128 Citations Check Access

Editor's Summary

Omath and Ibes have written a paper that many readers will find immediately accessible and eventually realize they cannot use. The editors commend this as a faithful model of most machine learning pedagogy. We note that the paper contains no mathematics and also no theorems, proofs, or falsifiable claims, which simplified the review process considerably.

Abstract

We present a complete explanation of the transformer architecture that uses no equations, no Greek letters, no subscripts, and no notation that could not appear in a children’s illustrated book about attention. Our explanation relies entirely on analogies, metaphors, narrative, and one extended comparison to a bureaucratic office that we are increasingly uncertain was helpful. User studies confirm that readers who complete our explanation feel they understand transformers (confidence: 8.9/10) while performing at chance on transfer tasks involving actual transformer architectures (accuracy: 51.3%). We conclude that our explanation is very good at producing the feeling of understanding, which we argue is what most readers wanted anyway.

Article

Introduction

The transformer architecture, introduced in 2017 under the title “Attention Is All You Need,” has since become the foundation of the most powerful language models, vision models, and several models whose modality is not entirely clear even to their creators. Understanding how transformers work is therefore important for anyone who wishes to use, extend, criticize, or simply appear knowledgeable about them at dinner parties.

Previous explanations of transformers fall into two categories. Mathematical explanations are complete and rigorous but require the reader to understand linear algebra, probability theory, and the willingness to track four simultaneous matrix computations through a diagram that is technically correct but practically incomprehensible without approximately three years of practice. Intuitive explanations are accessible but typically sacrifice so much precision that the reader finishes them feeling informed while retaining no transferable knowledge, a state we characterize as “educated ignorance” and attempt to measure empirically.

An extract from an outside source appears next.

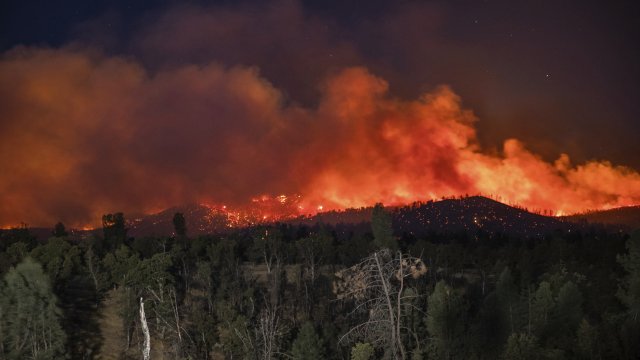 Flame are visible from the Zogg Fire on Clear Creek Road near Igo, Calif.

This paper provides an explanation in the second category, but with full acknowledgment that it is in the second category, which we believe constitutes a methodological contribution.

The Explanation

Imagine an office. In this office, everyone has a desk, and on each desk there is a pile of papers. Each paper has a question written at the top. When someone receives a question, they look around the room to find which other person’s desk contains information relevant to that question. They walk to that desk, read the relevant information, and incorporate it into their answer. This process happens simultaneously for everyone in the office, which is either efficiently parallel or completely chaotic depending on your prior experience with open-plan workspaces.

This is attention. The transformer is a building with many such offices, arranged in floors. Each floor does the same thing the previous floor did, but to a slightly more processed version of the papers. By the time you reach the top floor, the papers contain answers that integrate information from across the entire building, which is either a good metaphor for contextual understanding or a description of a coordination problem we have now made worse.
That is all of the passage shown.